Edit: So I brought this up with one of my more "nuclear-inclined" classmates for discussion. Here's the conclusion we (mostly he) came to:

The proton's rest mass is 938.2 MeV, and the electron only clocks in at 511 keV. The neutron's rest mass is 939.5 MeV; that's a +1300 keV difference compared to the proton. So for an electron + a proton, you still lack 789 keV in energy to make the neutron. That's why the article mentions requiring an electron acceleration potential of something on the order of 1 MeV to bridge the gap. This formulation is oversimplified, but the general idea is more clear than in the article (I hope).

BUT, we now know that nucleons aren't just elementary particles (like the electron and other leptons), but that there are partons comprising them. These partons (quarks and gluons) are a system of particles (like we talked about earlier) which can behave in ways we may not yet fully understand, especially when interacting with a collective group of electrons. We ended up agreeing that it was possible for an electron to interact with a parton in a way that somehow bridged this energy gap, similar to the idea of quantum tunneling. But how this process would yield a large enough amount of neutrons to transmutate enough atoms for it to be significant isn't clear.

So then we talked about applications to energy consumption. That debate is ongoing, and I'll update this thread later. Still seems to me that for this to be a worthwhile pursuit, it would violate energy conservation, and my friend doesn't disagree.

The good news is that I have exposure to vector calculus, some linear algebra, and diff-eq (my personal favorite when it comes to math if only for it's applications in control functions). So then do the mathematics change from handling everything on an individual level (electrons in an orbital?) to treating it as a bulk?

Dammit, stuff like this makes me appreciate physics so much and wish I had a grad level understanding of it.

Just saw your reply, sorry. I've had a realization of how I need to better manage my notifications, now I understand why I've lost some responses.

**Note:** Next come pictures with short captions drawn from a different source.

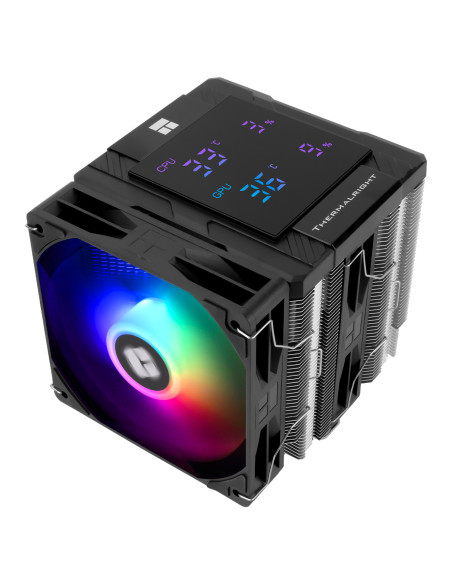 COOLER Thermalright "Peerless Assassin 120 Digital", skt. Intel si AMD, racire cu aer, vent. 2 x 120mm (TL-C12C-X28-S V2), 1850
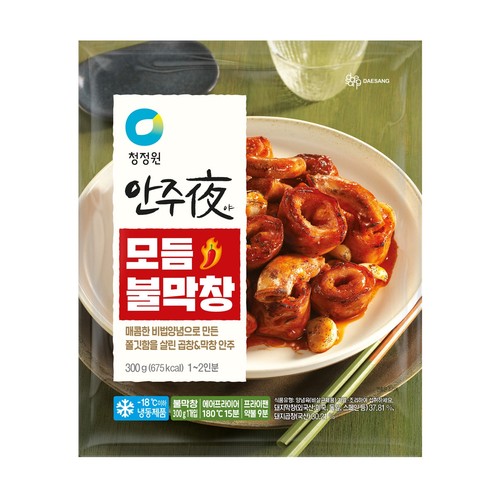 청정원 안주야 모듬 불막창 (300G)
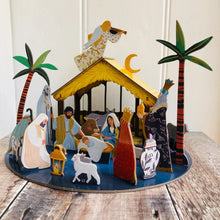 Away in a Manger Pop & Slot Advent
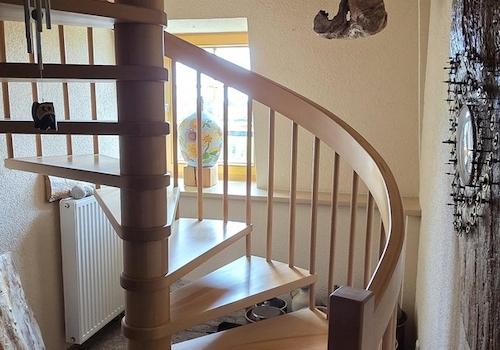 Wendeltreppe zum 2. OG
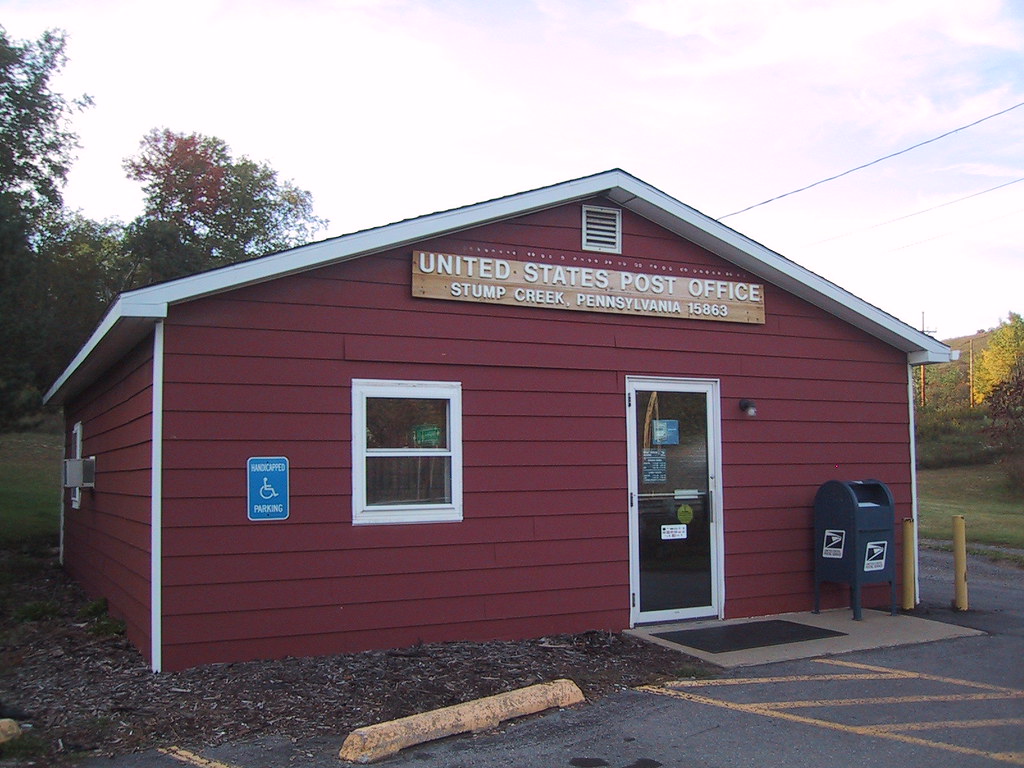 Stump Creek, PA Post Office Post Office Clark Westfield Flickr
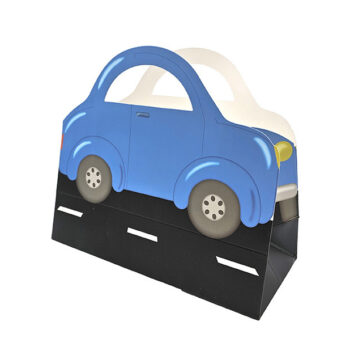 Lahjakassi, 7150 Auto sininen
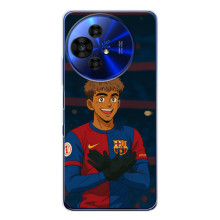 Чохол з футболістом Ламін Ямаль TCL 50 Pro NxtPaper (Футболіст Ямал)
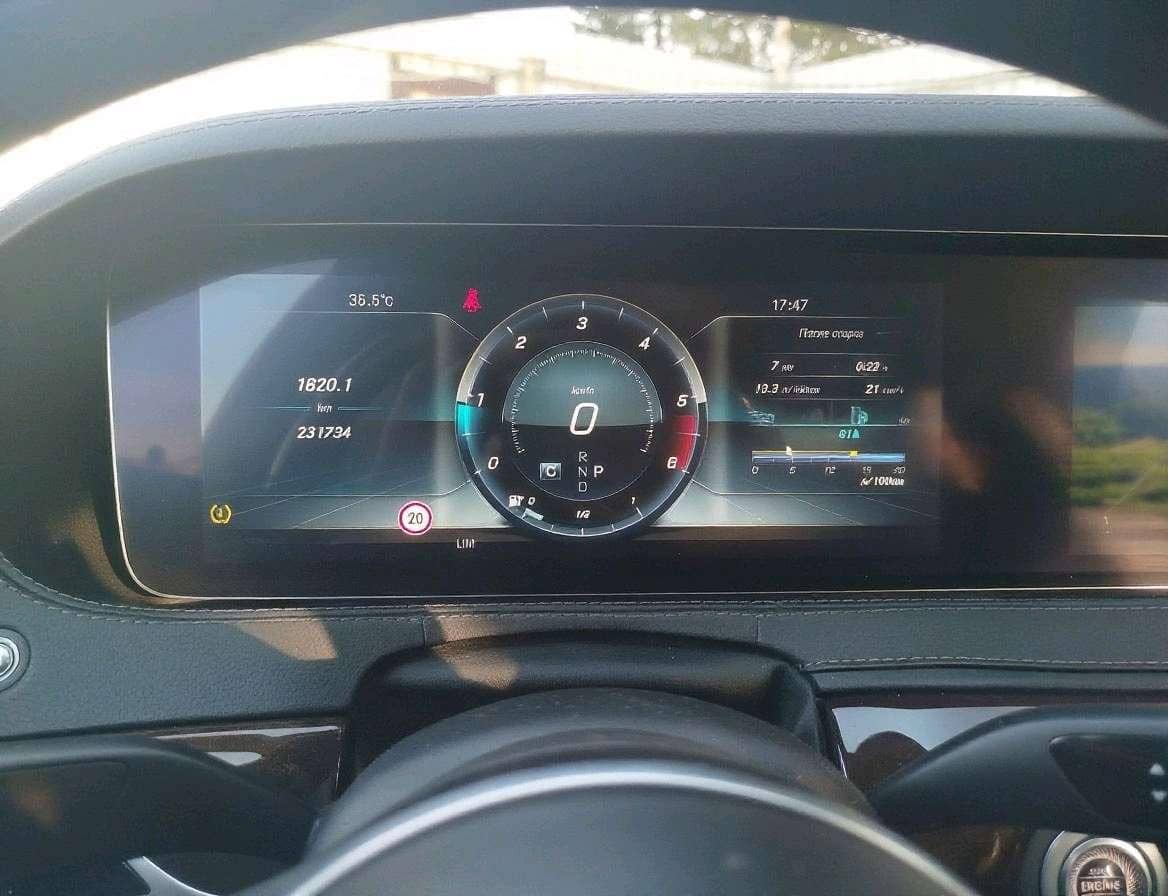 Mercedes-Benz S седан,  231 734 км, 2018 года в лизинг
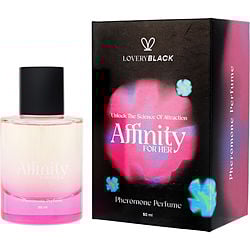 Lovery Affinity For Her Pheromone Perfume by Lovery PARFUM SPRAY 1.7 OZ for WOMEN
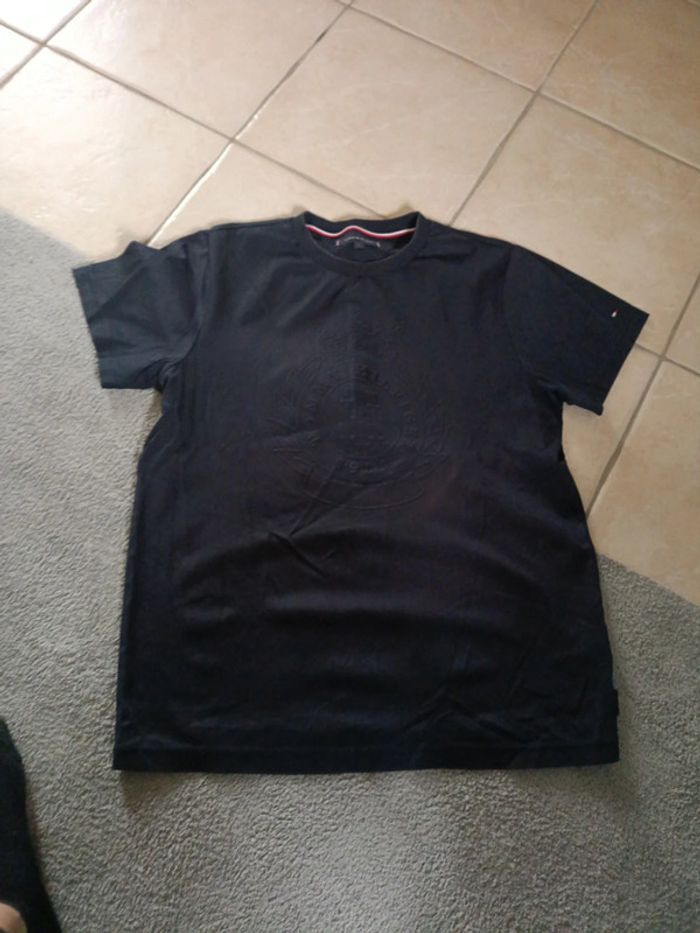 Tee shirt tommy Hilfiger homme - photo numéro 2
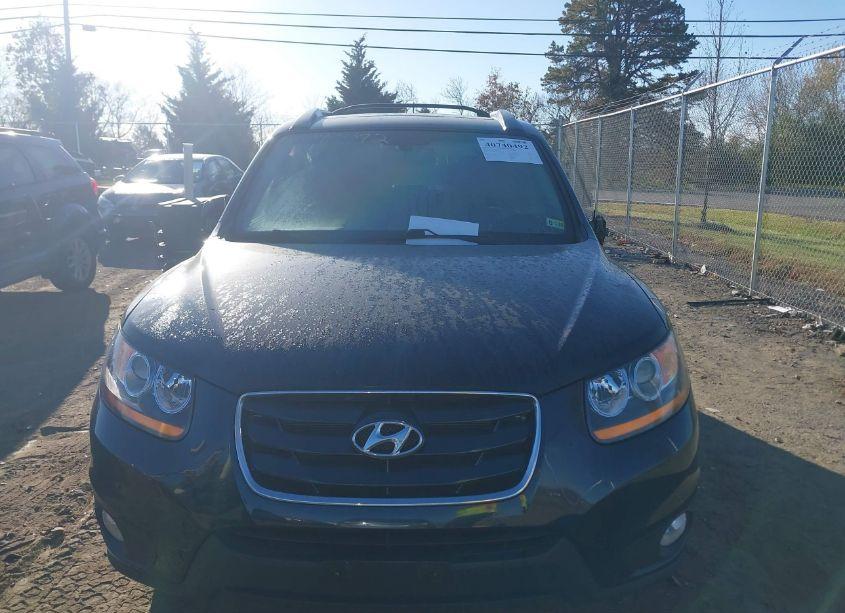 Photo 12 of 2010 Hyundai Santa FE LIMITED V6 (VIN 5NMSK4AG9AH365929)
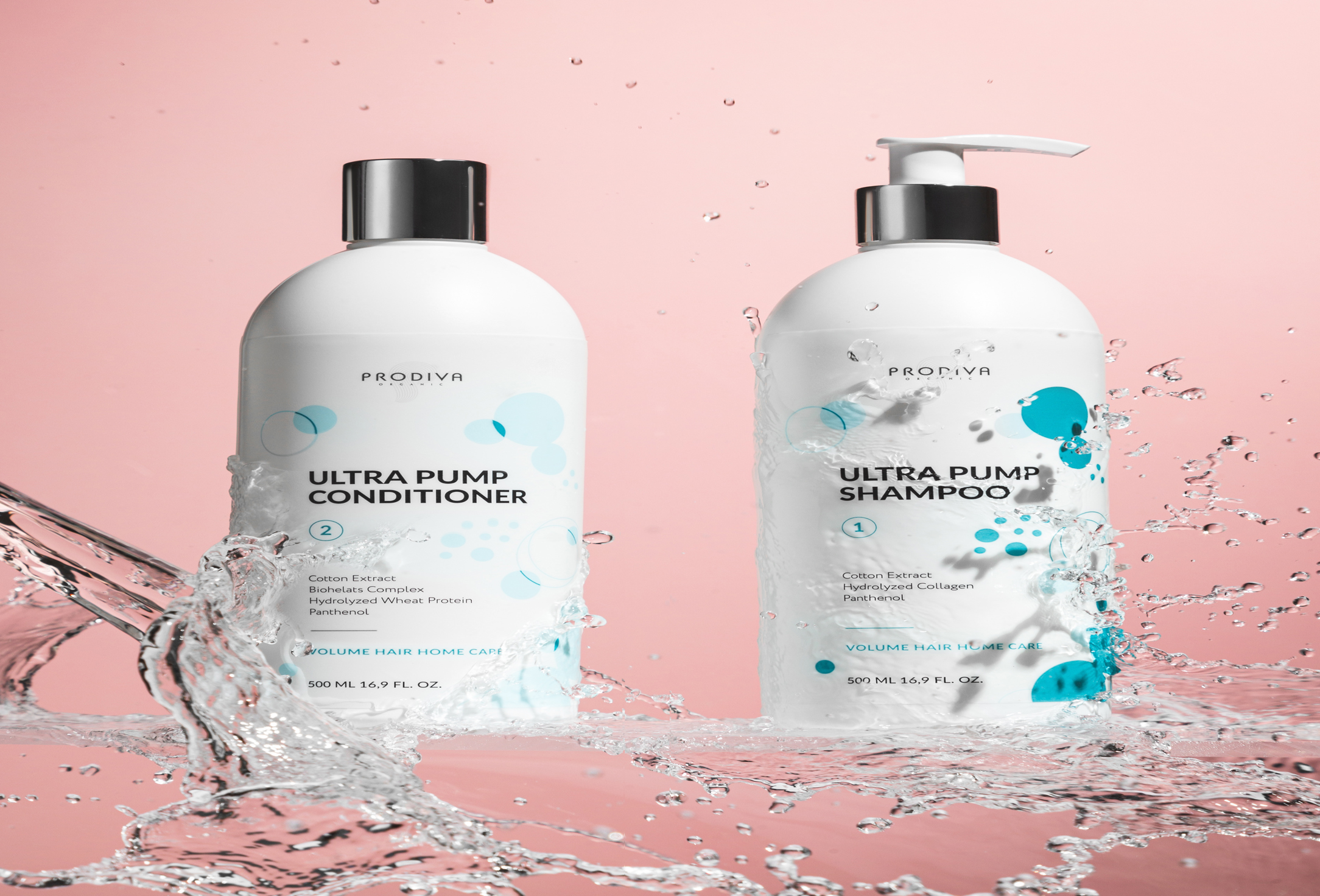 

Шампунь для сухих волос PRODIVA, So Nutritive home care 500 мл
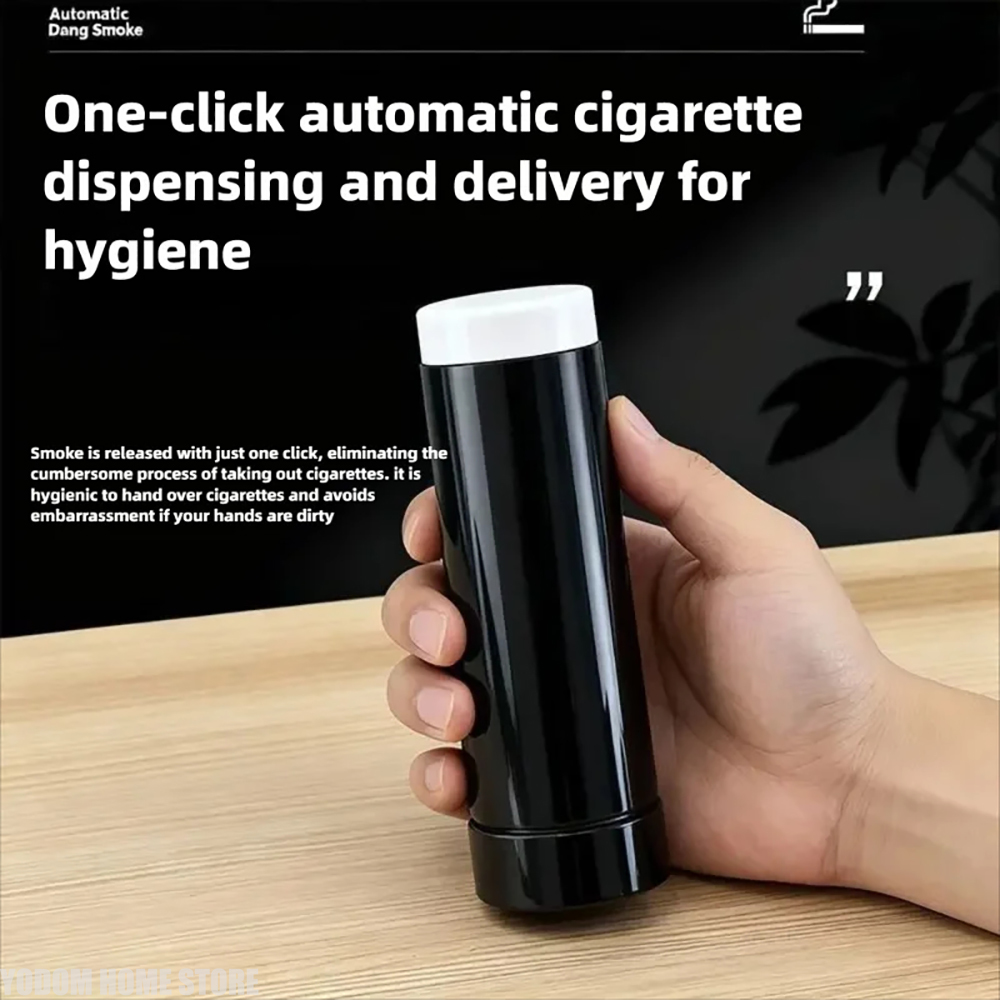 Automatic Pop-Up Cigarette Cas - đánh giá và giá Men Accessories Gadgets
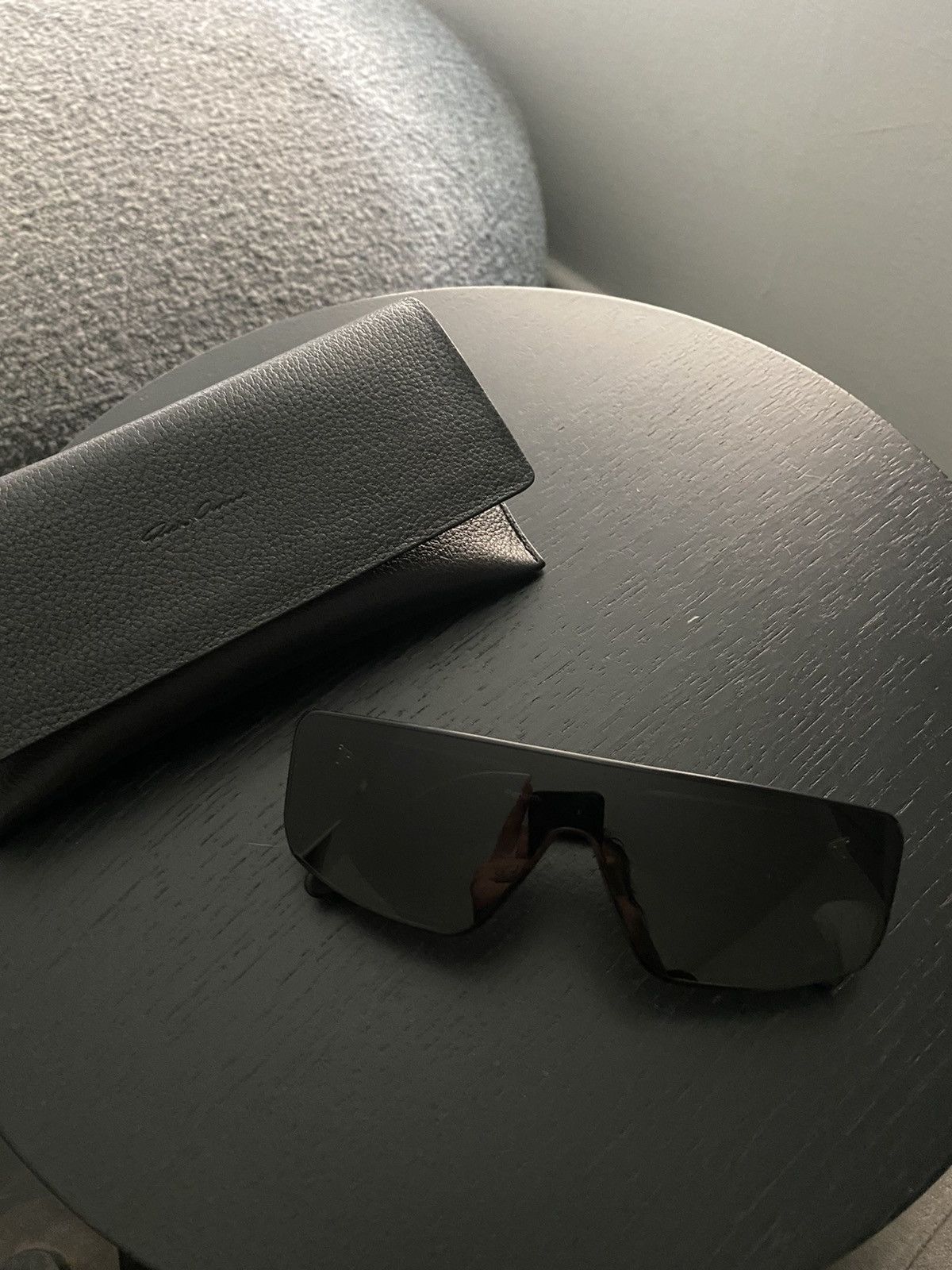 Rick Owens RICK OWENS PERFORMA SUNGLASSES NEW W BOX AND CASE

- So then do the mathematics change from handling everything on an individual level (electrons in an orbital?) to treating it as a bulk?

Yep.

A standard level graduate school education usually leaves the student with a firm understanding of only one electron in a Hydrogen atom, where there is similarly only one proton in the nucleus to pull on it (the Coulomb force dominates over gravity at this scale). The resulting solutions to the Schrödinger equation form a set of orthonormal/orthogonal spherical harmonics, describing the electron's spatial wave function (the probability distribution I mentioned earlier) that depend solely on the electron's energy level. As soon as you add more particles (protons or electrons) to the system, things get complicated fast. In my curriculum, I have also analyzed a system of two electrons, with no proton. That's also a rather unintuitive system due to a quantum mechanical parameter called "spin" that has no classical analog, i.e. there's no familiar way to think of it. You've just got to accept its existence and move on with your life (THIS IS DIFFICULT).

But we came up with clever ways of treating systems of particles, and as you've guessed, the mathematics do indeed change. Handling systems of atoms and molecules is often best left to chemistry, which can be thought of as a result of quantum mechanics for large systems of particles. I brought up solid-state physics previously, which is also the application of quantum mechanical theory to a particularly interesting landscape; atoms connected in varying geometric lattice configurations via sharing of electrons. In undergrad, I took a solid-state physics course cross-listed as grad-level, but I'd have to take it about three more times to feel comfortable with all of the content.

Do you have any links on control functions? :)

- Dammit, stuff like this makes me appreciate physics so much and wish I had a grad level understanding of it.

I love me some physics, but maybe it's too much when you're spending 1/3 of your semester learning the culmination of several people's lifework. And that's why when I look at my homework from last month, I don't even remember doing it (or most importantly, how to do it).

- BETTERIDGE'S LAW OF HEADLINES - IS IT A LIE?? FIND OUT TONIGHT, AT 10.